What you are asked to do: The lines to return run from the start of the material below through the line holding "Jesús Fernández-Villaverde (PENN)", both included; please give them back exactly, minus the pictures.

Exercise material:
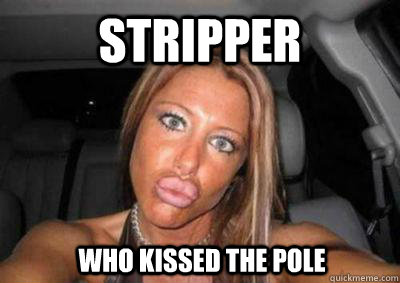 stripper who kissed the pole - stripper who kissed the pole  Duck lips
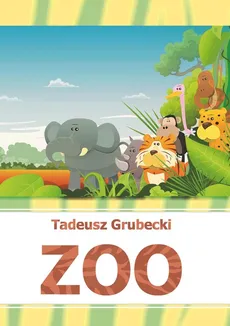 ZOO - Tadeusz Grubecki
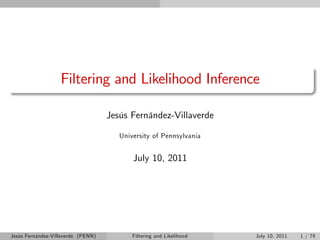 Filtering and Likelihood Inference

                                    Jesús Fernández-Villaverde

                                       University of Pennsylvania


                                           July 10, 2011




Jesús Fernández-Villaverde (PENN)          Filtering and Likelihood   July 10, 2011   1 / 79
 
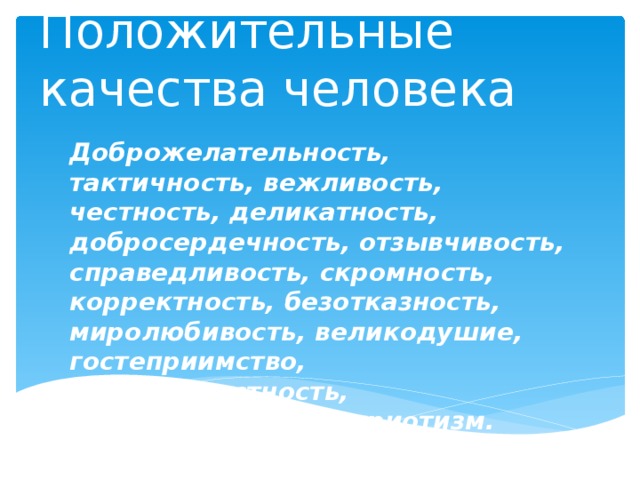 Положительные качества человека Доброжелательность, тактичность, вежливость, честность, деликатность, добросердечность, отзывчивость, справедливость, скромность, корректность, безотказность, миролюбивость, великодушие, гостеприимство, жизнерадостность, инициативность, патриотизм. 
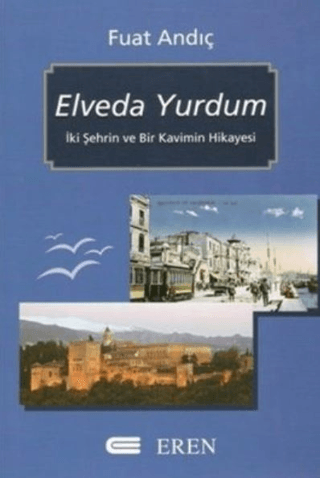 Elveda Yurdum İki Şehrin ve Bir Kavimin Hikayesi Fuat Andıç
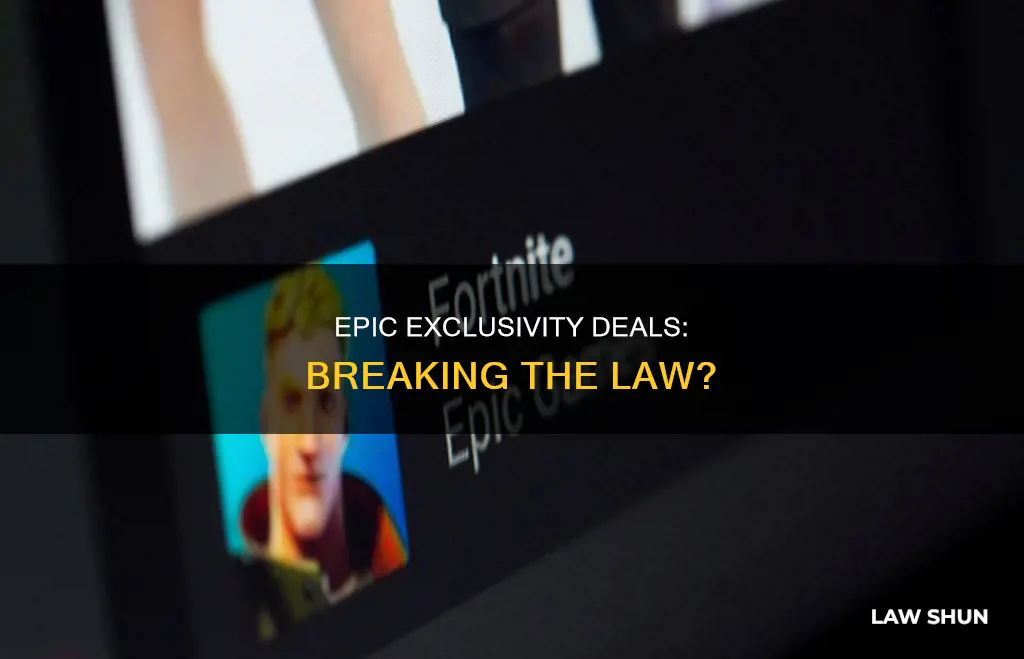 is the epic exclusivity deals breaking the law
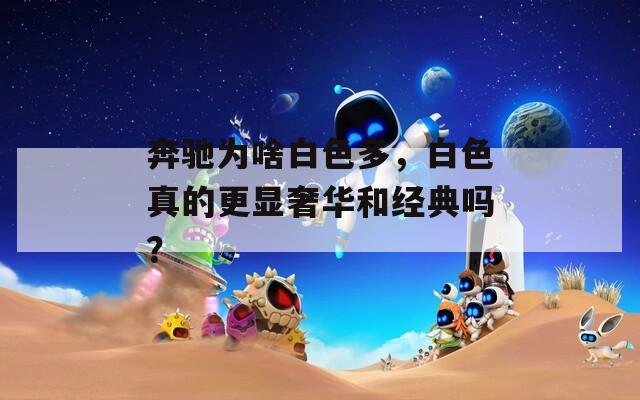 奔驰为啥白色多，白色真的更显奢华和经典吗？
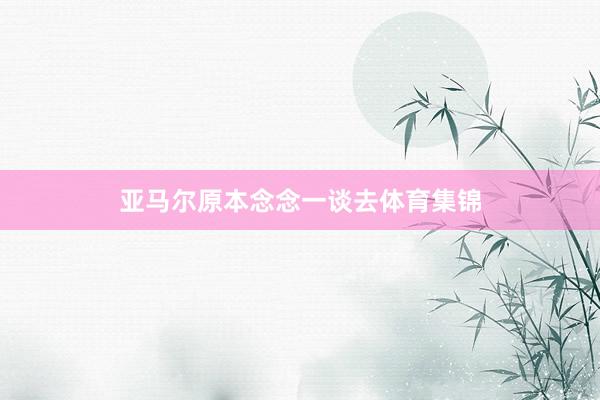 亚马尔原本念念一谈去体育集锦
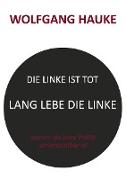 Die Linke ist tot - lang lebe die Linke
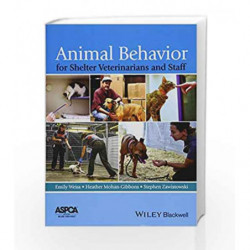 Animal Behavior for Shelter Veterinarians and Staff by Weiss E Book-9781118711118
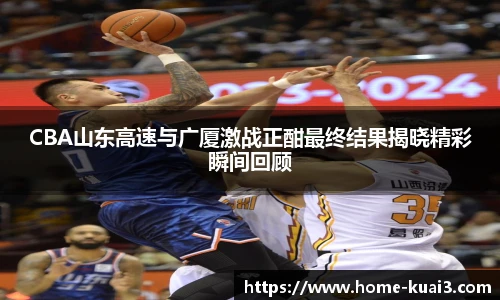 CBA山东高速与广厦激战正酣最终结果揭晓精彩瞬间回顾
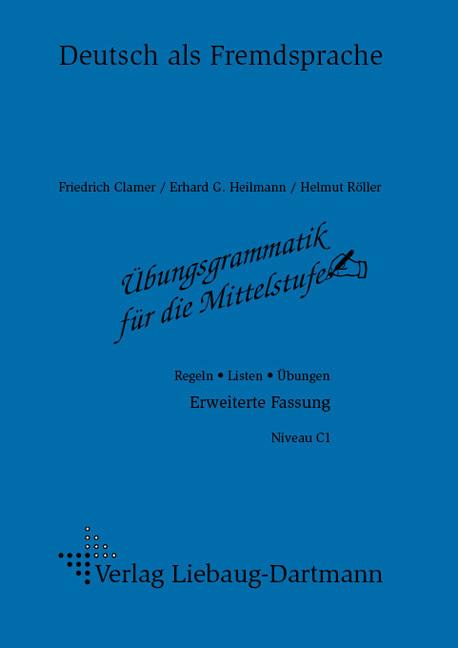 Produktbild Übungsgrammatik für die Mittelstufe. Arbeitsheft (Deutsch, Erhard G Heilmann, Friedrich Clamer, Helmut Röller, 2006)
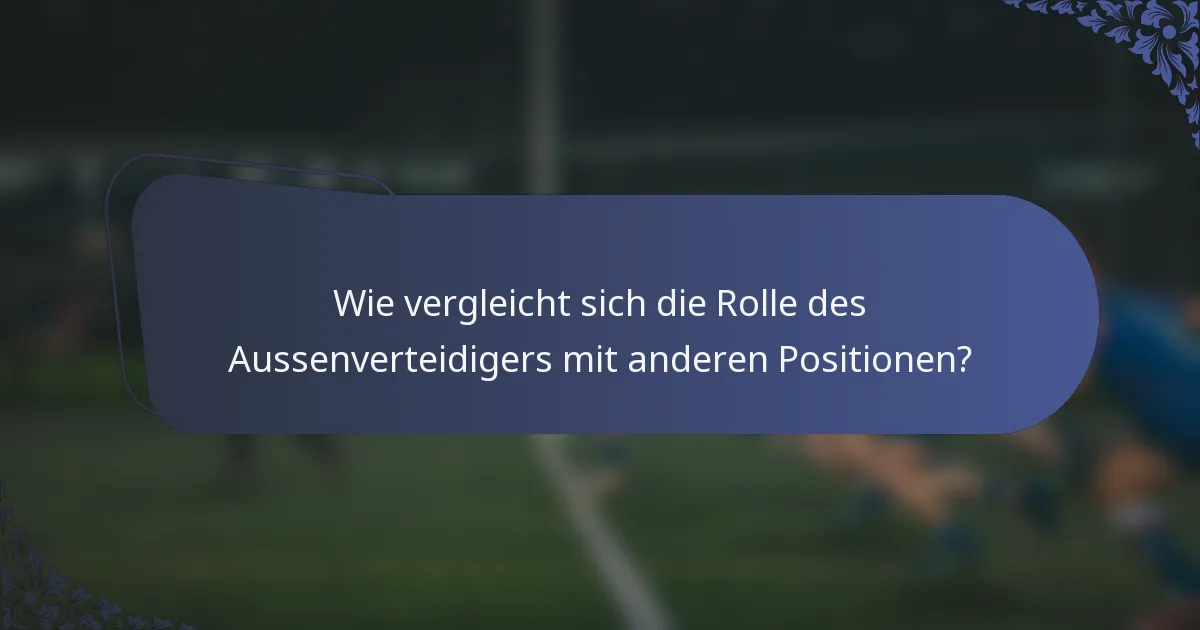 Wie vergleicht sich die Rolle des Aussenverteidigers mit anderen Positionen?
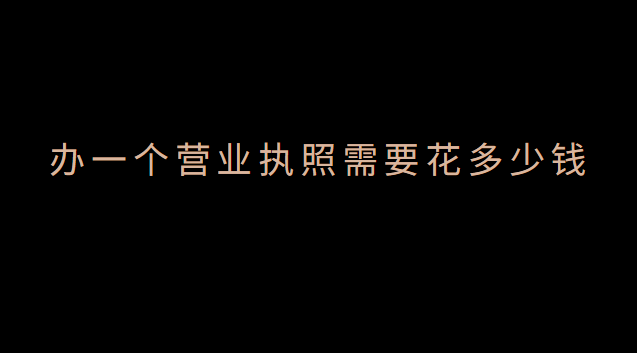 辦一個營業(yè)執(zhí)照需要花多少錢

Expected output:
 stripper who kissed the pole - stripper who kissed the pole  Duck lips
 ZOO - Tadeusz Grubecki
 Filtering and Likelihood Inference

                                    Jesús Fernández-Villaverde

                                       University of Pennsylvania


                                           July 10, 2011




Jesús Fernández-Villaverde (PENN)          Filtering and Likelihood   July 10, 2011   1 / 79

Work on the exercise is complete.